The family of a man who died while held prone seven months after the death of Floyd hopes their story can do for other states what it already has done for California.
ANGELO QUINTO NUMBER 127
When Angelo Quinto watched the death of Floyd on the news in the spring of 2020, he recoiled in disgust.
“He had a really hard time watching it,” explained his sister Bella Quinto-Collins. “He felt a lot of pain.”
Seven months later, his family said, Antioch (California) Police officers remained on Quinto’s back after responding to a mental health call from his sister Quinto-Collins.
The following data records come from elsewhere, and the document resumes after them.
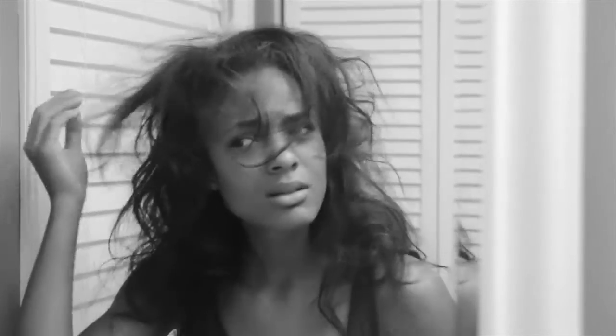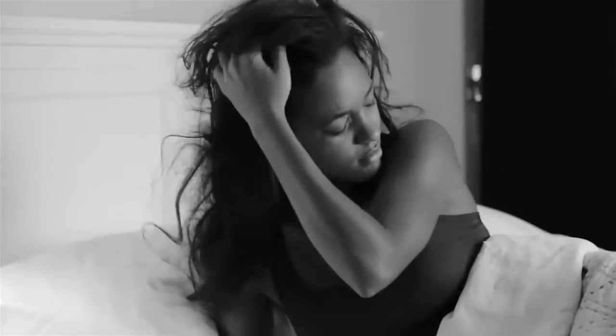Waking up with frizzy hair is never fun. Studies show that your cotton pillowcase is the main problem. Not only does it damage your hair, it's also the source of those dreaded sleep wrinkles.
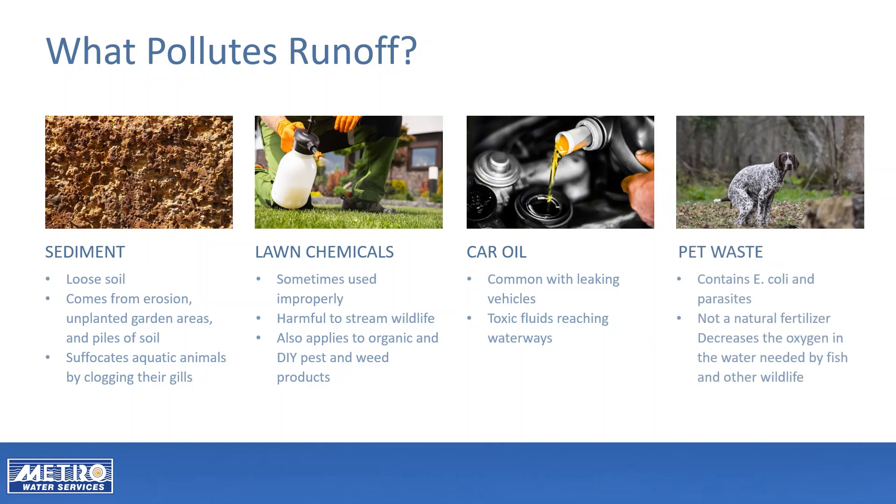Dog waste contains E. coli and can contain parasites. It is not a natural fertilizer. When dog waste reaches a waterway, the decomposition process decreases the oxygen in the water that is needed by fish and wildlife.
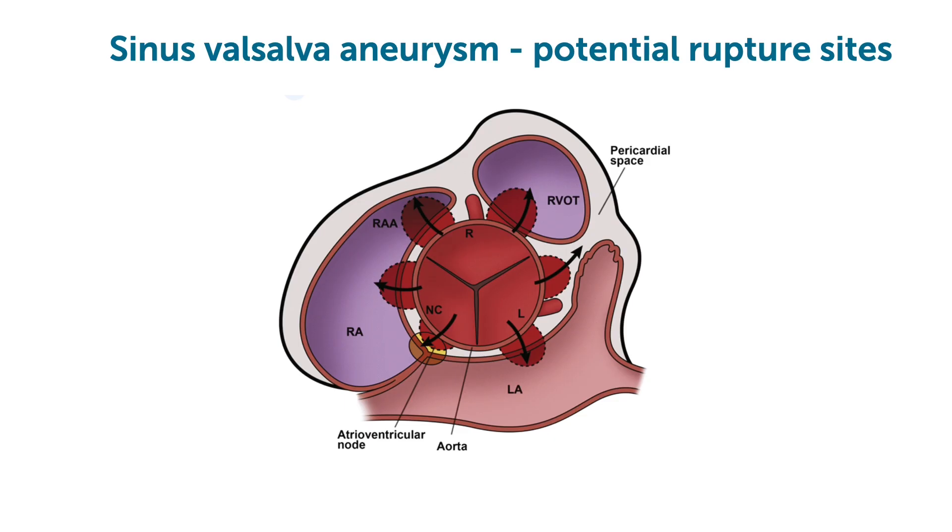Remember, aneurysms of the sinus of Valsalva can rupture into the right ventricle, left ventricle, or into the atrium.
A lawsuit filed by Quinto’s family alleges the officers' use of prolonged prone restraint caused the 30-year-old’s death.
“To think that a few months later, the same thing would happen to [Angelo] is completely heartbreaking, really,” Quinto-Collins said.
Antioch Police has denied responsibility for Quinto’s death, but that denial did not stop the California legislature from passing a law that now prohibits its officers from doing what they did to Quinto.
Labeled the Angelo Quinto Act, the legislation prohibits “a law enforcement agency from authorizing techniques or transport methods that involve a substantial risk of positional asphyxia.”
California Gov. Gavin Newsom signed the bill into law in October.
Only Nevada has a similar law in place. Colorado could consider legislation on prone restraint during next year’s session.
DEMETRIUS SHANKLING NUMBER 92
When a Boulder District Court judge sentenced two former deputies, James O’Brien and Adam Lunn, to six and three years in prison, respectively, she did something that has proven difficult to do with the vast majority of prone restraint deaths on our list.
RELATED: 'They made decisions not to follow the rules': Former deputies sentenced after manslaughter conviction
Earlier this year, a jury found O’Brien and Lunn guilty of manslaughter in the death of Demetrius Shankling.
In 2018, O’Brien and Lunn placed a handcuffed and facedown Shankling into a jail transport van. Prosecutors told the jury repeatedly that both had gone through training about the potentially deadly consequences of prolonged prone restraint.
“In this case, we were able to present a fairly significant amount of training for both officers that pertained to the risks of positional asphyxia,” Assistant District Attorney Ken Kupfner said. “Facedown and handcuffed behind the back was the position that they were repeatedly trained to get someone out of.”
While the prosecution of O’Brien and Lunn began before the death of Floyd, our investigation found more prosecutors willing to charge officers involved in prone restraint deaths following Floyd’s death.
Seven of the 131 deaths on our list have led to criminal prosecutions. Four have happened since the death of Floyd.